The new fax machine in Huntsville may have looked
like a modern-day miracle in 1961. But more than likely Alice
Schmidtt, who operated that first data fax machine, and her boss,
Dr. Wernher von Braun, the first director of the Marshall Center,
knew that the race to build a Moon rocket demanded a much more
sophisticated way for engineers at Marshall to exchange data with
the Cape.
In the summer of 1965, von Braun established a Mission
Operations Office at the Marshall Center. "The significance
of the establishment of the new office is that MSFC is assuming
a more active role in mission activities now that the Center is
entering the launch and flight aspects of the Apollo program,"
the Marshall Star reported.
Among other functions, the new office was responsible
for a new Launch Information Exchange Facility (LIEF) described
as "an inter-center sophisticated communications network
connecting the NASA-Kennedy Space Center, MSC [the Manned Spacecraft
Center, later renamed the Johnson Space Center] and MSFC."
Part of the LIEF also included the Huntsville Operations
Support Center (HOSC) where "launch data from KSC and flight
data from MSC are relayed to computers and engineering consoles
in the HOSC where specialists determine which of the hundreds
of measurements being recorded are most worthy of special attention,"
the employee newspaper reported. The Marshall Star called LIEF,
"the all hearing center during a Saturn launch."
Although the Saturn/Apollo program came to a close
in the early 1970s, Marshall continued to expand its Mission Operations
Office, an office that would play a vital role in the three Skylab
space station missions.
Only moments after launch in May 1973, engineers
knew the first Skylab mission was in serious trouble. A solar
shield failed to deploy. Marshall responded immediately. For days,
the Center focused every resource at its disposal on finding a
way to fix the problem.
Prime attention focused on the HOSC where Marshall
assembled a special troubleshooting team. That team and others
like it at Marshall and throughout NASA played a vital role in
identifying the procedures ultimately used to save Skylab. In
1975, Marshall's HOSC supported Apollo-Soyuz, the first joint
American-Soviet space mission.
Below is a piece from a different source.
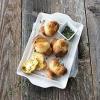 Nordic Ware Cast Aluminum Petite Popover Pan 1/4 Cup Each, 12 Cavity, Silver/Gray(14.3 x 8.9 x 1.9 inches  12 Cavities)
As part of the mission, engineers
monitored plans for the launch of a Marshall-managed Saturn IB
rocket carrying an Apollo spacecraft that rendezvoused with a
Soviet Soyuz spacecraft.
By 1981, the Marshall Star reported that Center
engineers were "working around-the clock-in the Huntsville
Operations Support Center" to support the Space Shuttle.
"During pre-mission testing, countdown, launch and powered
flight toward orbit, Marshall and contractor engineers and scientists
man consoles in the support center to monitor real-time data being
transmitted from the Shuttle. Their purpose is to evaluate and
help solve problems that might occur with Marshall-developed Space
Shuttle propulsion elements, including the Space Shuttle main
engines, external tank and solid rocket boosters" said one
report.
In the early 1980s, the HOSC began its vital role
in supporting Shuttle launches. At about the same time, the facility
also began supporting powered flight and payload operations. Spacelab
was a multi-configuration, space-borne scientific laboratory designed
to fit inside the payload bay of the Shuttle orbiter.
Throughout the 1980s and 1990s, Spacelab provided
scientists on the Shuttle with workbench space, power, computer
support, and racks and storage for experiment equipment. In May
1990, Marshall announced that beginning with the STS-35/Astro-1
Space Shuttle mission, all NASA Spacelab missions would be controlled
from NASA's new Spacelab Mission Operations Control Center at
Marshall. That facility supported the science astronauts on Spacelab
much the same that Mission Control in Houston supported the flight
crew.
Teams of controllers and researchers at the Huntsville facility
directed NASA science operations and sent commands directly to
the spacecraft. Controllers also received and analyzed data from
experiments aboard the vehicle.
One of the most historic dates in mission operations at the Marshall
Center came early on Sunday, Dec. 2, 1990. That's when STS-35
mission specialist Robert Parker initiated the first ever communications
between Huntsville and astronauts on orbit. "Huntsville,
this is Astro-1," Parker reported to controllers in Huntsville.